Dataset records:
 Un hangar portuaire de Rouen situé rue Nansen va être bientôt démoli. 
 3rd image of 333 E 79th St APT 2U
* * *
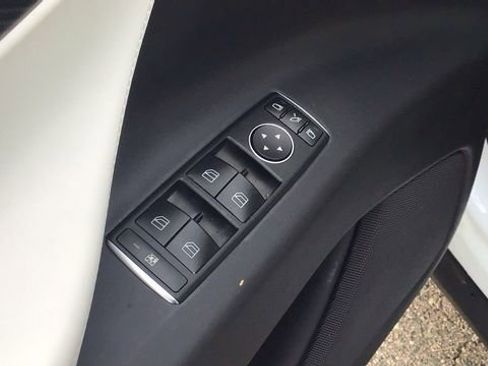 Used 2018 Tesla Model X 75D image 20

Assignment: Taking the entries above, print exactly the lines starting at the line with "Un hangar portuaire" and ending at the line with "3rd image of 333 E 79th St APT 2U", both included.

Reply to the task:
 Un hangar portuaire de Rouen situé rue Nansen va être bientôt démoli. 
 3rd image of 333 E 79th St APT 2U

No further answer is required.